OSTERN – nicht nur ein christliches Fest
Das Osterfest, vor allem als christliches Kirchenfest bekannt, hat seinen Ursprung schon viel früher in heidnischer, vorchristlicher Zeit. Schon damals freute man sich nach dem langen Winter über die sonnigen Tage und die ersten Blumen, die wieder Farbe in die Natur brachten. Auch die Tierwelt widmete sich nach überstandenem Winter wieder der Paarung und brachte Nachwuchs hervor. Das typische Symbol für die Fortpflanzung ist das Ei, das in den christlichen Osterbräuchen deshalb übernommen und farbenfroh gefärbt wurde. Der Hase galt schon immer als Symbol der Fruchtbarkeit, da er regelmässig für viel Nachwuchs sorgt. Es war dann eher eine deutsche Tradition, dass man den Hasen mit den Eiern in Verbindung brachte und ihm die ehrenvolle Aufgabe übertrug, die farbigen Eier zu den Kindern zu bringen.

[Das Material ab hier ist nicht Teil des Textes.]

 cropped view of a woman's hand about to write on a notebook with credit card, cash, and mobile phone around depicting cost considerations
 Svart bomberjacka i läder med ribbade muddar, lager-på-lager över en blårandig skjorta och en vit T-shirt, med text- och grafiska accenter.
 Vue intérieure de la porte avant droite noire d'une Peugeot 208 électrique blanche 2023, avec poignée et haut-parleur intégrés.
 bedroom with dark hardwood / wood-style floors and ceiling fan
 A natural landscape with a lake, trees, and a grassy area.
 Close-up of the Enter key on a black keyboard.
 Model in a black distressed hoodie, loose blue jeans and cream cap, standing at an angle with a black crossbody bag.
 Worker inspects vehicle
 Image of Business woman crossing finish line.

Bei uns zuhause versteckte der Vater an Ostern immer die farbigen Eier im grossen Garten und wir versuchten mit Körbchen ausgestattet möglichst viele der begehrten Objekte zu finden. Nicht immer wurden alle versteckten Eier auch wirklich im gleichen Jahr noch gefunden. Wenn eines der Eier erst ein Jahr später entdeckt wurde, verriet der schwefelhafte Gestank in der Küche schon bald, wie lange es wohl im Garten gelegen hatte…

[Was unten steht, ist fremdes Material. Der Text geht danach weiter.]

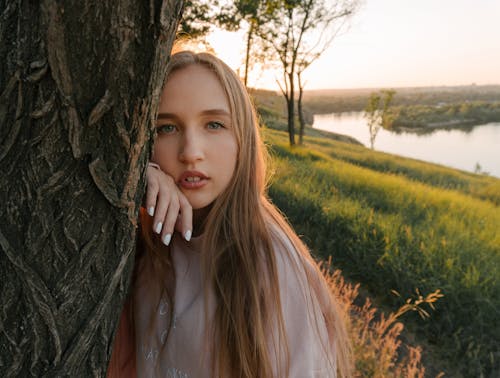 Young female standing behind tree trunk and looking at camera while spending sunny day in riverside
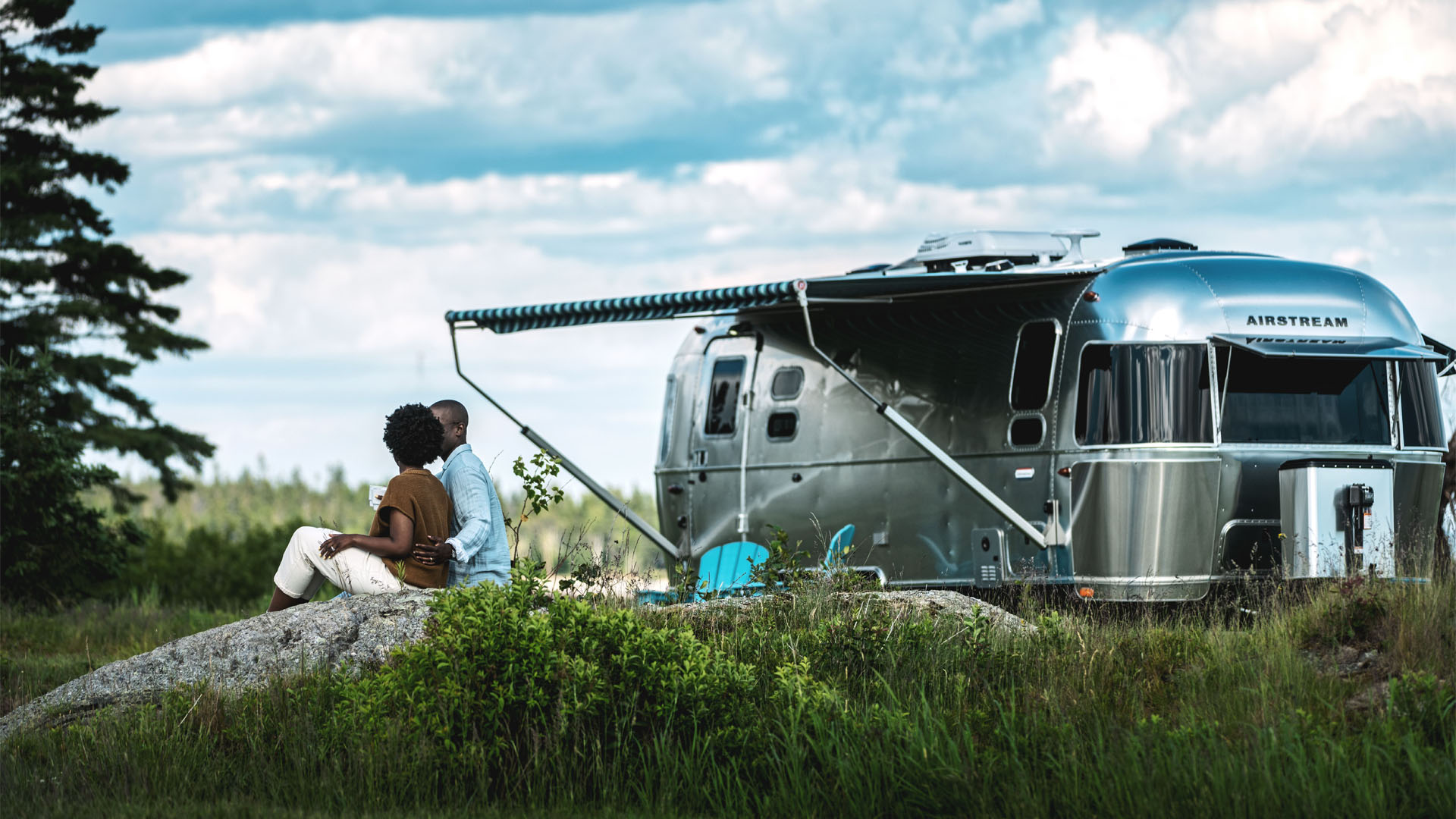 A couple sits together on a rock, facing away, near a modern silver Airstream trailer parked in a grassy area with trees and a cloudy sky in the background.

Erstaunt nahm ich später zur Kenntnis, dass andere Familien nicht nur die farbigen Eier sondern ganze Osternestchen im Garten versteckten. Nun, zumindest läuft man dabei wohl weniger Gefahr, eines der Nestchen zu übersehen.

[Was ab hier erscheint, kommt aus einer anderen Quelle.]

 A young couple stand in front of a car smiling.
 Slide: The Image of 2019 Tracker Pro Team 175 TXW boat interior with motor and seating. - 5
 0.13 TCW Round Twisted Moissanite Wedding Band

Natürlich gab es auch bei uns zuhause Schokohasen und Schokoeier, diese wurden allerdings nicht versteckt, sondern im gemeinsamen Nest aus grüner Holzwolle deponiert. Es bekam auch nicht jedes der fünf Kinder einen eigenen Schokohasen zugesprochen. So lernten wir zu teilen und für die Zähne war es wohl auch gesünder als die Schokoladenhasen-Flut, die auf die Kleinen heute niederprasselt.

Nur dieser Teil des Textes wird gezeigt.